(What you should do) Provide an exact copy of the lines from the beginning of the records through the line that includes "2017 Maruti Ertiga", and of no others.

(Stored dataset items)

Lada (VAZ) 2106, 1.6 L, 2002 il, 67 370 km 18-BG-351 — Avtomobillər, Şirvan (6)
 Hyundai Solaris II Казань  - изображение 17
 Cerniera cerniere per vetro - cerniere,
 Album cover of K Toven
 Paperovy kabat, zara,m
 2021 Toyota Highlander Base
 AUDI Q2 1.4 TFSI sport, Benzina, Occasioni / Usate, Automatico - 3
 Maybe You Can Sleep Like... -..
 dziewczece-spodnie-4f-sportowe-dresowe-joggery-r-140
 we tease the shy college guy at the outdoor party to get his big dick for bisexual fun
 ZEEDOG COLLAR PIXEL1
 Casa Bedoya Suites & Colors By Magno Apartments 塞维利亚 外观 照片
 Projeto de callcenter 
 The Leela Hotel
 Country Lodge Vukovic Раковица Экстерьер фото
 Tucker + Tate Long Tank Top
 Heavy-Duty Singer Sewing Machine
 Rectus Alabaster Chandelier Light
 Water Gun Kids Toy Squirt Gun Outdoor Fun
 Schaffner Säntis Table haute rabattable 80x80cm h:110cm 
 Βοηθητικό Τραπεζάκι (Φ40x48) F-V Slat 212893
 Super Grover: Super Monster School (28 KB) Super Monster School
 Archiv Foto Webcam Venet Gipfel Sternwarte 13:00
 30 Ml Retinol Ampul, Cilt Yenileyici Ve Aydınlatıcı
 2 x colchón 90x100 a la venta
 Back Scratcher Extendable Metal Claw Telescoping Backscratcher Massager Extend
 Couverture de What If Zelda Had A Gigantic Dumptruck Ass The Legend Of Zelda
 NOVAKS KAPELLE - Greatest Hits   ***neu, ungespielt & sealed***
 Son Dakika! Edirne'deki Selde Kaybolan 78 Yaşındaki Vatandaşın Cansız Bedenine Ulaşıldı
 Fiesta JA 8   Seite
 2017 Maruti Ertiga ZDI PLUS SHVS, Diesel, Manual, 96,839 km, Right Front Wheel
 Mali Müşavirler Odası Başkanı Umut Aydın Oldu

(Exercise response)
Lada (VAZ) 2106, 1.6 L, 2002 il, 67 370 km 18-BG-351 — Avtomobillər, Şirvan (6)
 Hyundai Solaris II Казань  - изображение 17
 Cerniera cerniere per vetro - cerniere,
 Album cover of K Toven
 Paperovy kabat, zara,m
 2021 Toyota Highlander Base
 AUDI Q2 1.4 TFSI sport, Benzina, Occasioni / Usate, Automatico - 3
 Maybe You Can Sleep Like... -..
 dziewczece-spodnie-4f-sportowe-dresowe-joggery-r-140
 we tease the shy college guy at the outdoor party to get his big dick for bisexual fun
 ZEEDOG COLLAR PIXEL1
 Casa Bedoya Suites & Colors By Magno Apartments 塞维利亚 外观 照片
 Projeto de callcenter 
 The Leela Hotel
 Country Lodge Vukovic Раковица Экстерьер фото
 Tucker + Tate Long Tank Top
 Heavy-Duty Singer Sewing Machine
 Rectus Alabaster Chandelier Light
 Water Gun Kids Toy Squirt Gun Outdoor Fun
 Schaffner Säntis Table haute rabattable 80x80cm h:110cm 
 Βοηθητικό Τραπεζάκι (Φ40x48) F-V Slat 212893
 Super Grover: Super Monster School (28 KB) Super Monster School
 Archiv Foto Webcam Venet Gipfel Sternwarte 13:00
 30 Ml Retinol Ampul, Cilt Yenileyici Ve Aydınlatıcı
 2 x colchón 90x100 a la venta
 Back Scratcher Extendable Metal Claw Telescoping Backscratcher Massager Extend
 Couverture de What If Zelda Had A Gigantic Dumptruck Ass The Legend Of Zelda
 NOVAKS KAPELLE - Greatest Hits   ***neu, ungespielt & sealed***
 Son Dakika! Edirne'deki Selde Kaybolan 78 Yaşındaki Vatandaşın Cansız Bedenine Ulaşıldı
 Fiesta JA 8   Seite
 2017 Maruti Ertiga ZDI PLUS SHVS, Diesel, Manual, 96,839 km, Right Front Wheel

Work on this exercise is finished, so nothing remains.